1. a University of Colorado Boulder, Boulder, Colorado

Abstract

Abstract In 1977, S. A. Thorpe proposed a method to estimate the dissipation rate ε of turbulence kinetic energy (TKE) in an overturning turbulent layer in a lake, by sorting the observed (unstable) density profile to render it stable and thus deriving a length scale LT named after him, from the resulting vertical displacements of water parcels. By further proposing that this purely empirical scale (with no a priori physical basis, unlike many other turbulence length scales) is proportional to the Ozmidov scale LO, definable only for stably (not unstably or neutrally) stratified flows, he was able to extract ε. The simplicity of the approach that requires nothing but conductivity–temperature–depth (CTD) casts in water bodies, including lakes and oceans, made it attractive, until microstructure profilers were developed and perfected in later decades to actually make in situ measurements of ε. Since equivalent microstructure devices are not available for the atmosphere, the Thorpe technique has been resurrected in recent years for application to the atmosphere, using potential temperature profiles obtained from high-vertical-resolution radiosondes. Its popularity and utility have increased lately, in spite of unresolved issues related to the validity of assuming LT is proportional to LO. In this study, we touch upon these issues and offer an alternative interpretation of the Thorpe length scale as indicative of the turbulence velocity scale σK, which allows the Thorpe sorting technique to be applied to all turbulent flows, including those generated by convection. Significance Statement Routine monitoring of the turbulence structure in the global atmosphere is of societal importance and practical utility. Remote sensing by wind profiler radars provides routine information at only a few stations around the globe. Monitoring by sensors deployed on commercial aircraft provides data only along flight routes and mostly at flight altitudes.
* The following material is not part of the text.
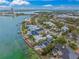 Aerial view of waterfront property with pool, dock, tropical foliage and beach access at 204 N Washington Dr, Sarasota, FL 34236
However, high-vertical-resolution radiosondes that are now being routinely deployed at over 900 stations around the globe provide a means for routine probing and monitoring of turbulence in the global atmosphere, by using the Thorpe sorting technique to extract the dissipation rate of turbulence kinetic energy. Reinterpretation of the technique in this study extends its application to all turbulent flows in the atmospheric column, including convective turbulence.